▶ _WHAT TO PRODUCE_
Your answer must be an exact transcription of the data, with every picture omitted.

▶ _RECORDS_
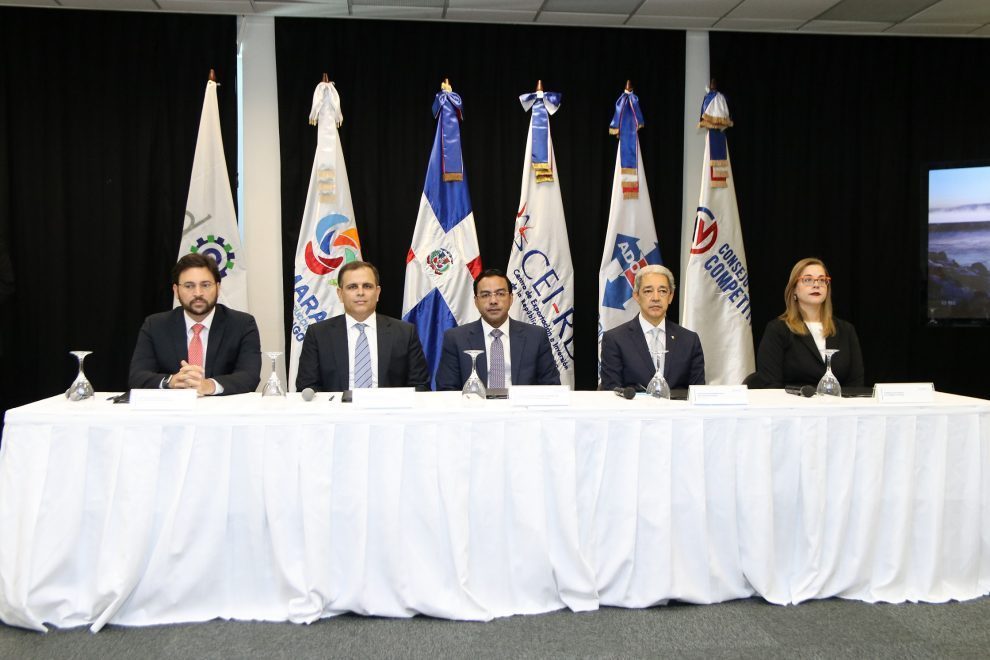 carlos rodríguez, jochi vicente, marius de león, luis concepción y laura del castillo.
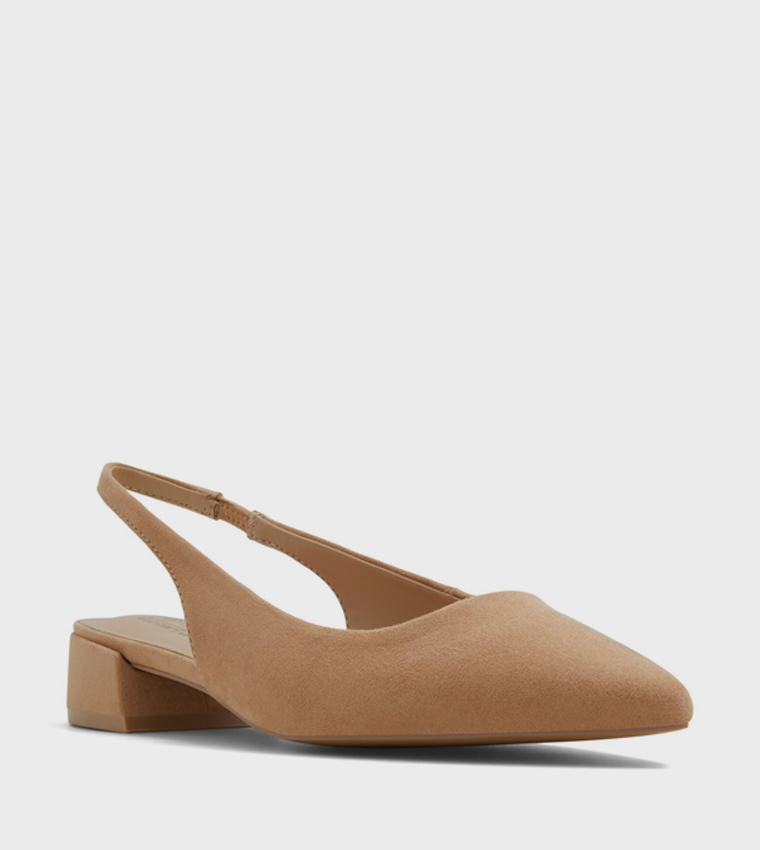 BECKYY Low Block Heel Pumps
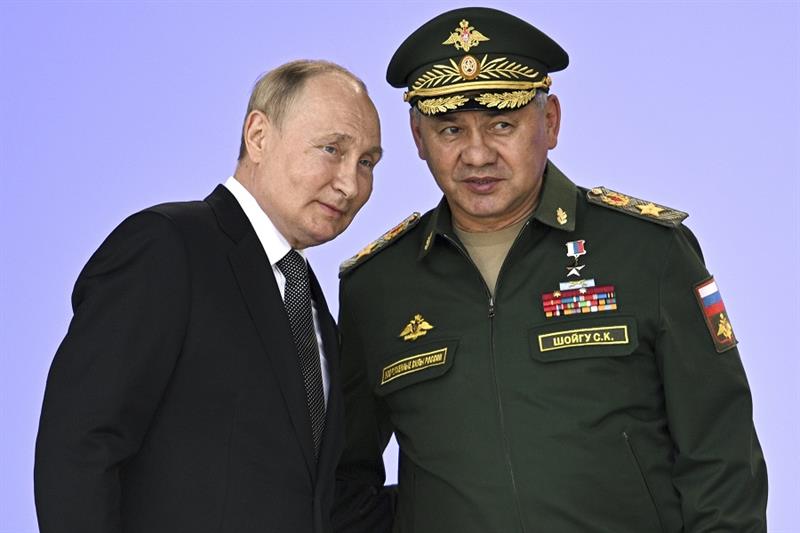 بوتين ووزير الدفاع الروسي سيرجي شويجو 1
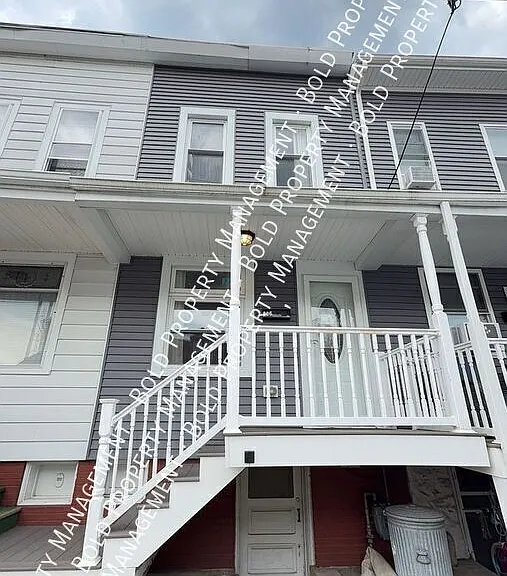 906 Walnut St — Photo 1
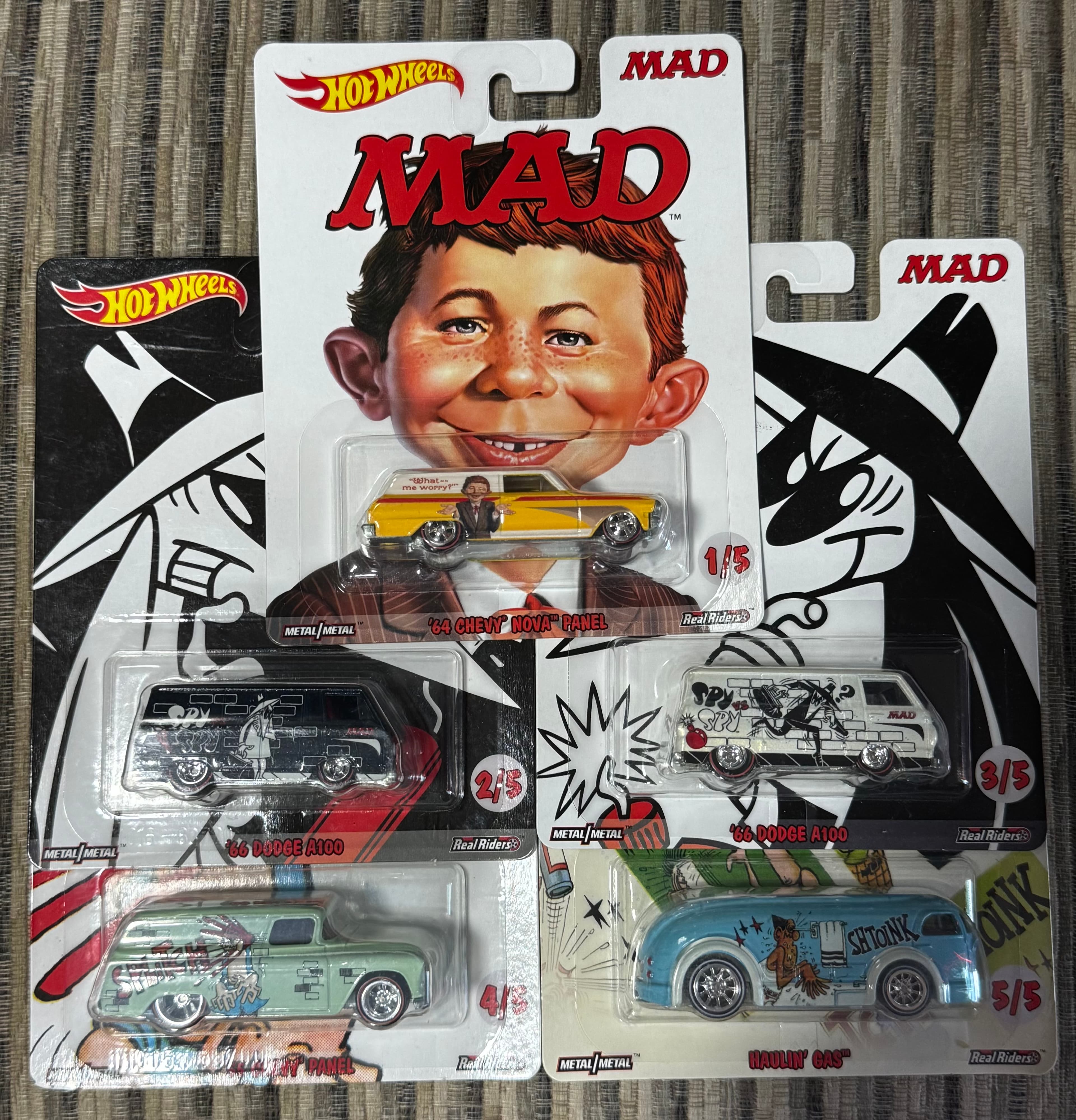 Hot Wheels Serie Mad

▶ _TASK RESULT_
 carlos rodríguez, jochi vicente, marius de león, luis concepción y laura del castillo.
 BECKYY Low Block Heel Pumps
 بوتين ووزير الدفاع الروسي سيرجي شويجو 1
 906 Walnut St — Photo 1
 Hot Wheels Serie Mad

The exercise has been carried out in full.